YOUR TASK
All pictures must be dropped, while the entries are given again word for word.

── MATERIAL FOR THIS TASK

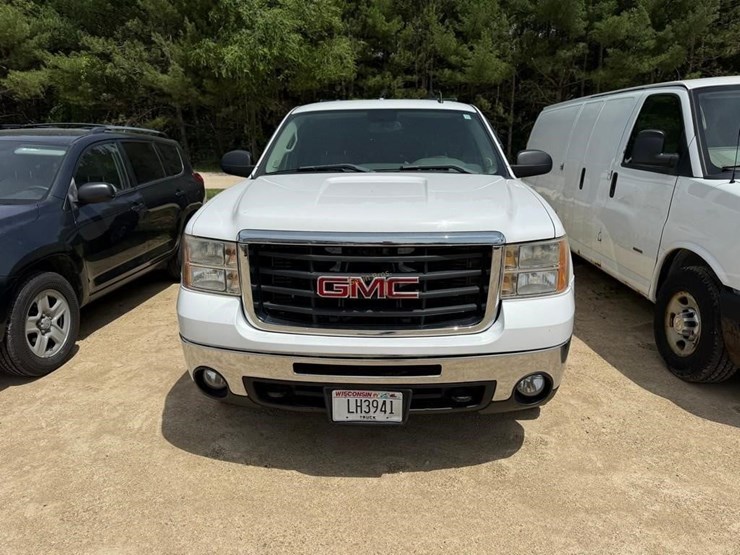 2007-gmc-2500-image-2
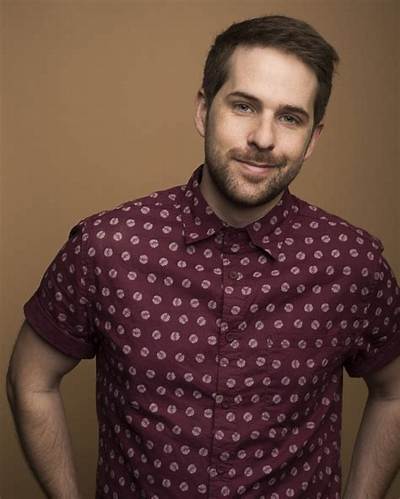 Ian Spear Net Worth 2024, Age, Height, Bio, Birthday, Wiki!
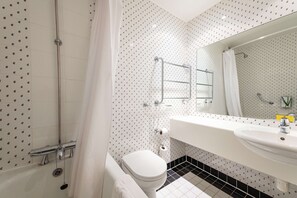 Ensemble douche/baignoire, sĂšche-cheveux, serviettes fournies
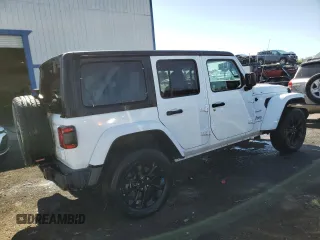 2023 Jeep Wrangler Sahara with VIN 1C4JJXP67PW630321, listed as a Copart auction lot 54579155 with 40,024 mi miles and Clean Title. Bid and sale history available at DreamBid. Image 3.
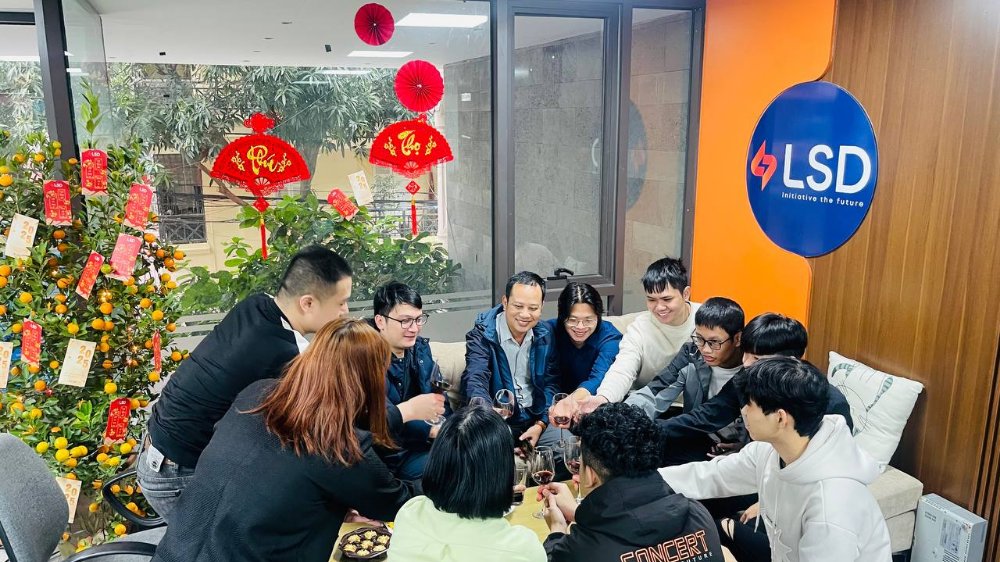 Khai xuân đầu năm 2025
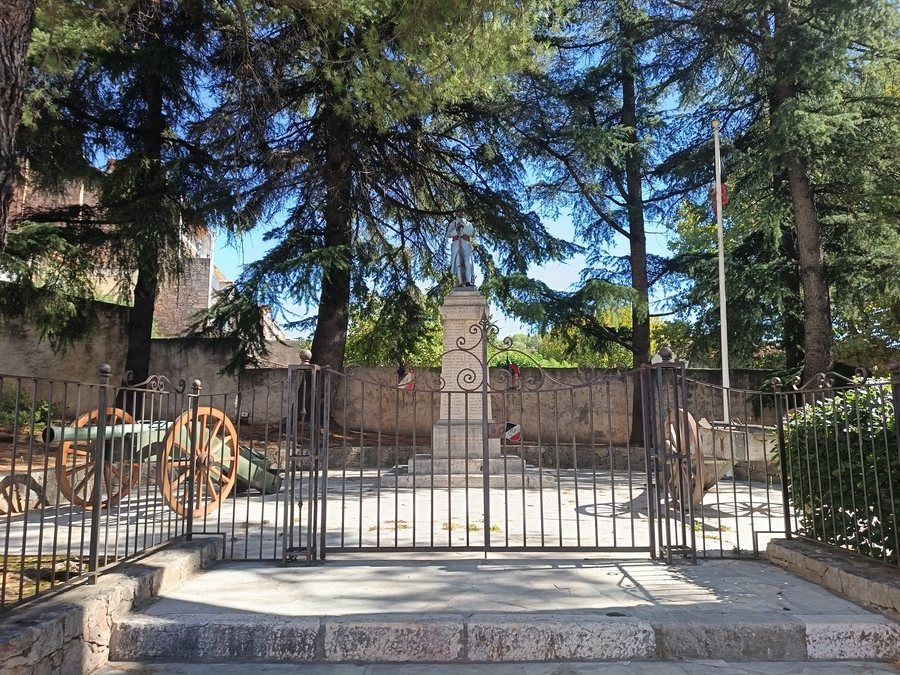 File:Salernes-Monumorts.jpg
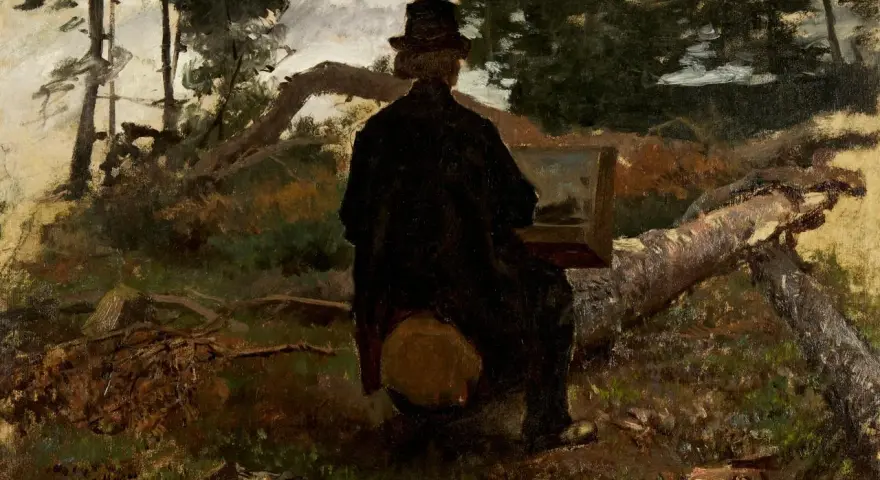Un peintre hollandais du 20ème siècle, chapeau sur la tête, peint en plein air, assis sur une souche au milieu d'une forêt.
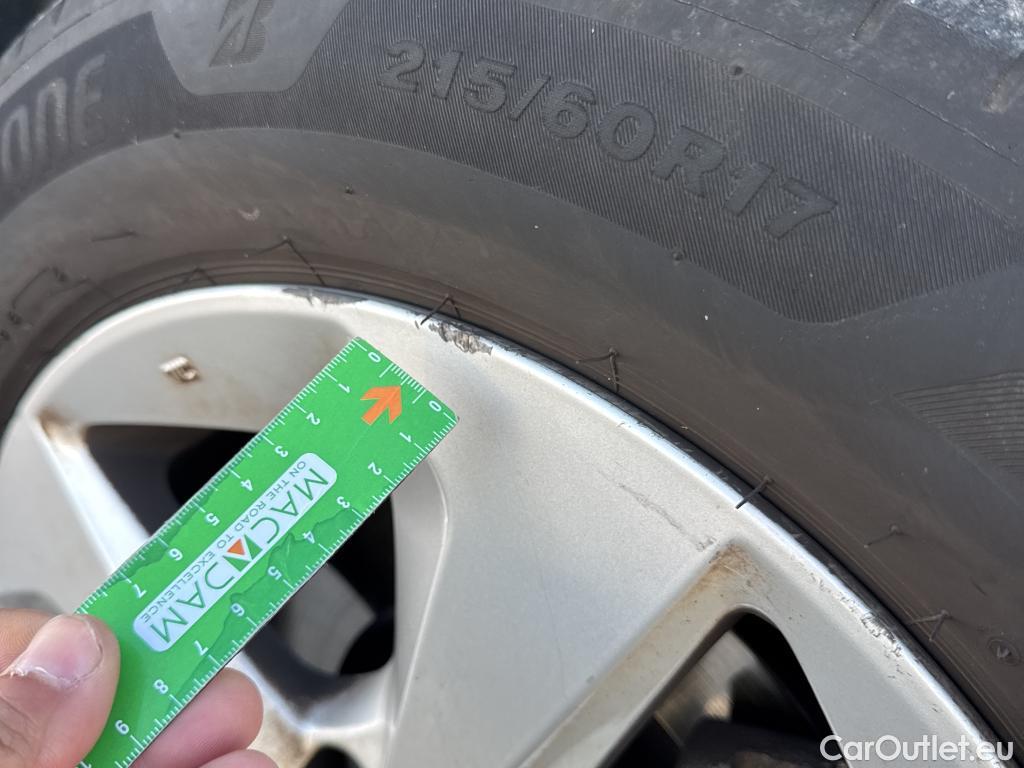  Nissan  Qashqai NISSAN  / 2017 / 5P / todoterreno dCi 85 kW (115 CV) E6D ACENTA #48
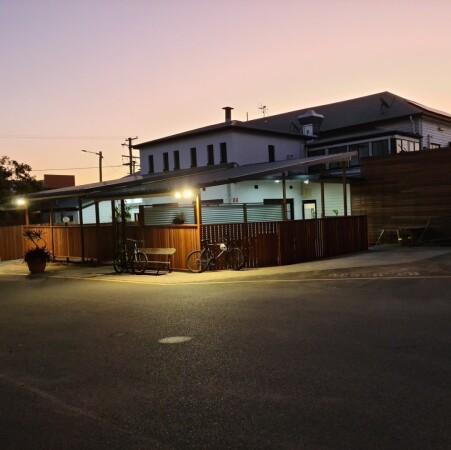 Best Sports Bars in Maryborough - White Lion Hotel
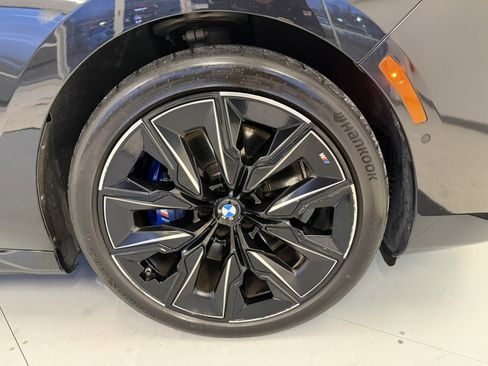Used 2023 BMW 760i xDrive image 67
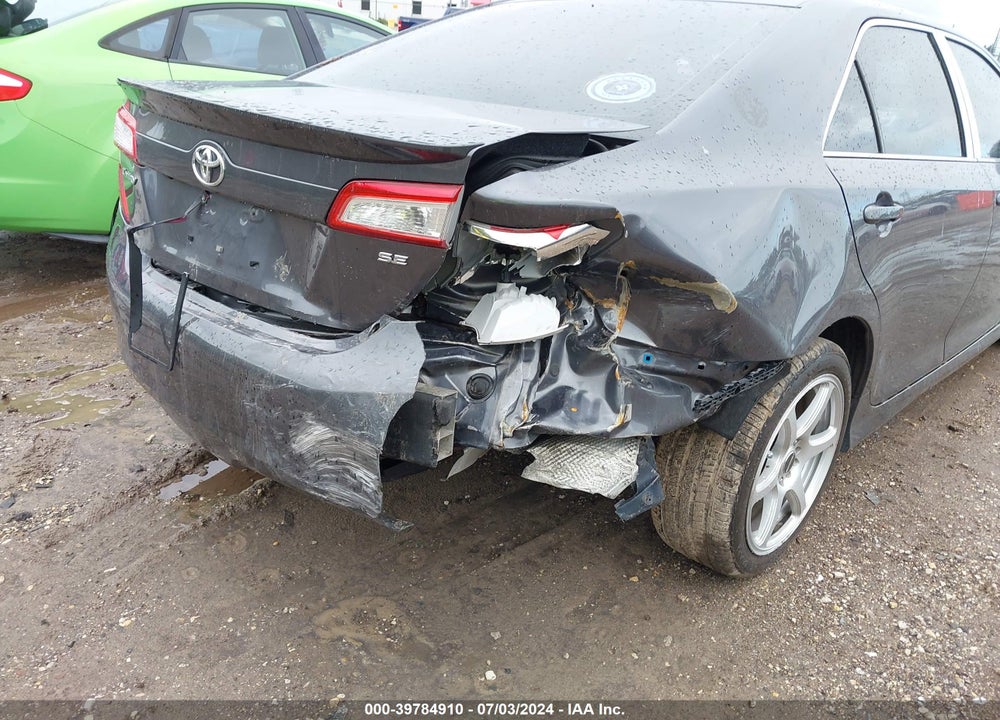 2014 TOYOTA CAMRY SE SPORT VIN: 4T1BF1FK1EU842976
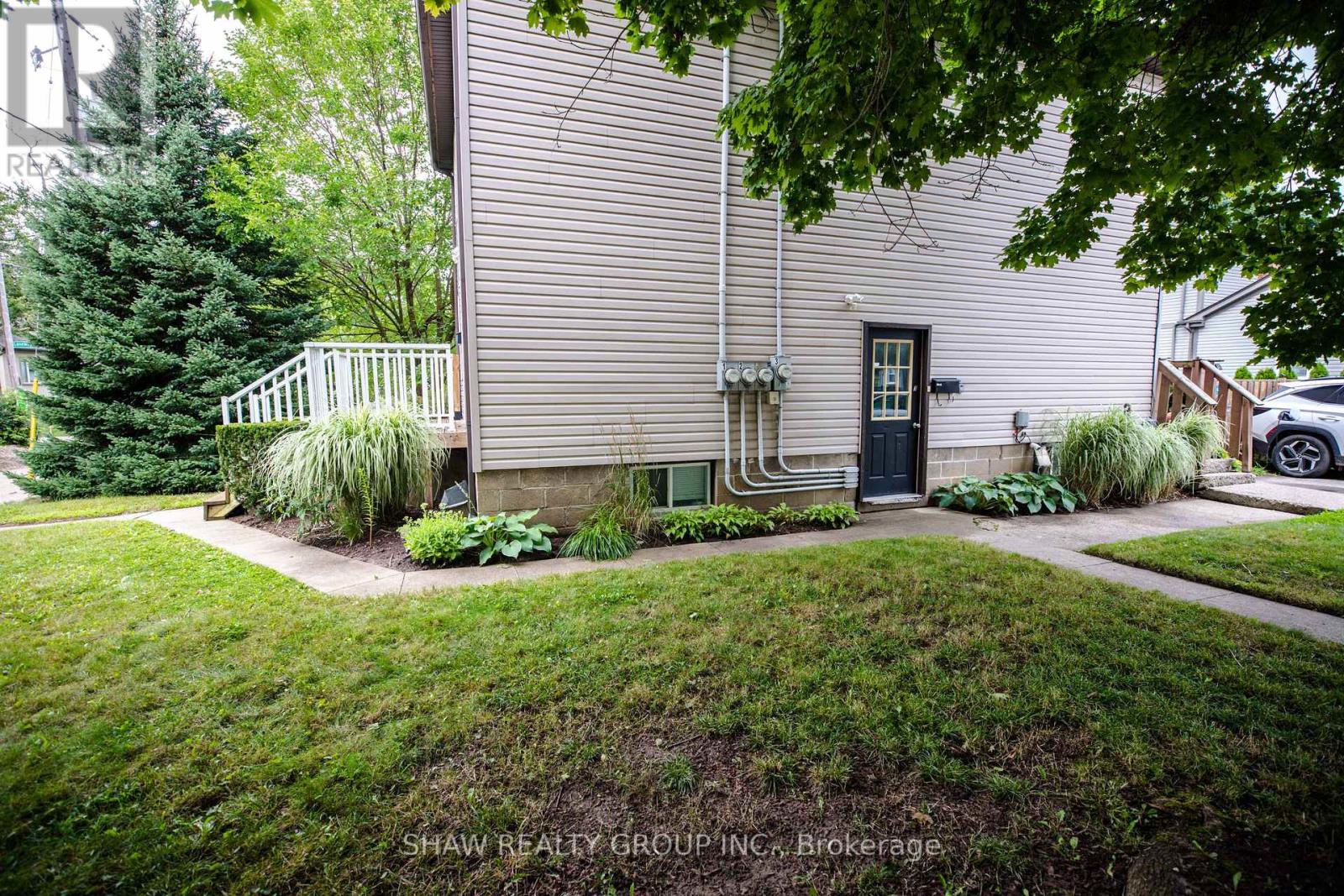 1 - 57 Albert Street, Cambridge, Ontario  N1R 3M9 - Photo 3 - X9237366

────

RESULT FOR THIS TASK
 2007-gmc-2500-image-2
 Ian Spear Net Worth 2024, Age, Height, Bio, Birthday, Wiki!
 Ensemble douche/baignoire, sĂšche-cheveux, serviettes fournies
 2023 Jeep Wrangler Sahara with VIN 1C4JJXP67PW630321, listed as a Copart auction lot 54579155 with 40,024 mi miles and Clean Title. Bid and sale history available at DreamBid. Image 3.
 Khai xuân đầu năm 2025
 File:Salernes-Monumorts.jpg
Un peintre hollandais du 20ème siècle, chapeau sur la tête, peint en plein air, assis sur une souche au milieu d'une forêt.
  Nissan  Qashqai NISSAN  / 2017 / 5P / todoterreno dCi 85 kW (115 CV) E6D ACENTA #48
 Best Sports Bars in Maryborough - White Lion Hotel
Used 2023 BMW 760i xDrive image 67
 2014 TOYOTA CAMRY SE SPORT VIN: 4T1BF1FK1EU842976
 1 - 57 Albert Street, Cambridge, Ontario  N1R 3M9 - Photo 3 - X9237366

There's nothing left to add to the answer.